Pablo, tras convertirse a tu amor, la interpreta justamente al revés:
“Dios mismo estaba en Cristo reconciliando el mundo consigo;
todo viene de Dios, que por medio de Cristo nos reconcilió consigo”.

Para ti no hay enemigos: amas a todos con el mismo amor que el Padre;
acoges a todos, dialogas con todos, escuchas a todos;
no tienes reparo en sentarte a cualquier mesa.

Algunos descubrieron el amor divino al comer contigo:
“la mitad de mis bienes, Señor, se la doy a los pobres;
si a alguno le defraudé, voy a restituirle cuatro veces más” (Lc 19, 8);

otros intuyeron el Amor al oír tus exhortaciones inauditas:
“amad a vuestros enemigos, haced el bien a los que os aborrecen...;
así seréis hijos del Altísimo, que es bueno con los desagradecidos y malos” (Lc 6, 35);

otros se encontraron con el Amor al verte cercano a los enfermos y marginados:
“los atormentados por espíritus inmundos se curaban;
la multitud trataba de tocarlo, porque salía de él un fuerza
que los sanaba a todos” (Lc 6, 18-19).

Tus parábolas de perdón y alegría siguen llevando a muchos al Amor:
se sienten ovejas y monedas perdidas, pero valiosas...;
hijos añorados, deseados, aunque lejanos...;
“trabajados siempre” por el Amor, que quiere abrazarles, besarles (Lc 15).

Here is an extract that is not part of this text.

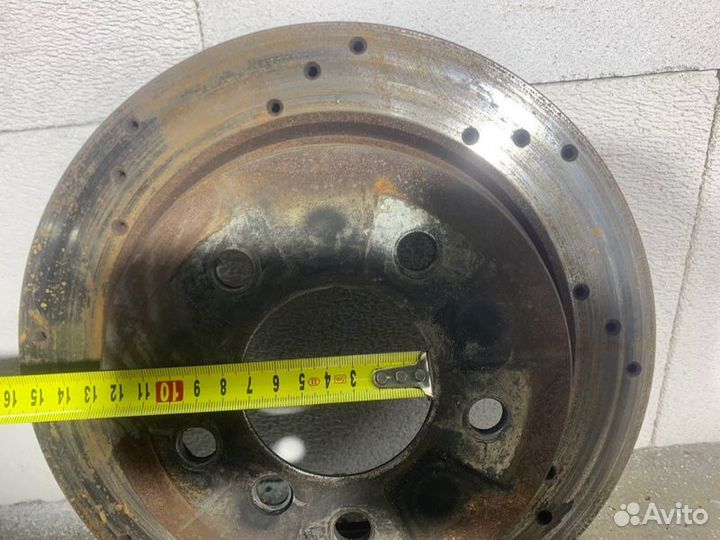 Диск тормозной вентилируемый задний Bmw X1 X20D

Tu resistencia al poder y al dinero te lleva a la cruz y a la muerte:
declaras abiertamente que eres el Mesías y que Dios está de tu parte;
los poderes de este mundo rechazan tu reino de Amor;
prefieren dominio, violencia, sumisión, desigualdad, honores, marginación...

Dios, el Padre, ha aprobado tu vida resucitándote de entre los muertos:
ha bendecido la lucha contra el hambre y la miseria, la desigualdad y el dominio;
está con quien actúa como tú: ofreciendo tu amor, curando, abriendo los ojos,
perdonando, compartiendo la mesa, aportando vida para todos.

Esta es, Jesús acogedor y comensal de justos y pecadores, la reconciliación:
la que hacías en tu vida histórica;
Dios mismo obraba, “reconciliando al mundo consigo”;
“no pidiendo cuenta de los pecados”;
“viendo de lejos y conmoviéndose” ante cualquier miseria;
“echándose al cuello y besando” al que vuelve al amor;
“sacando el mejor traje, poniendo el anillo” de la dignidad,
“vistiendo y calzando, alimentando y celebrando” el encuentro fraternal;
“tampoco yo te condeno. Anda y en adelante no peques más”.

Ayúdanos, Jesús de todos, a representar al Padre como lo hacías tú:
que busquemos la oveja perdida con tu humildad y amor;
que nos conmuevan sus desgracias;
que no les impongamos más cargas que tu amor;
que tengamos coraje para cambiar “nuestros modos” de reconciliación,
parecidos más a un “ajuste de cuentas”, que al encuentro evangélico;
que nos alegremos y celebremos la conversión al Amor.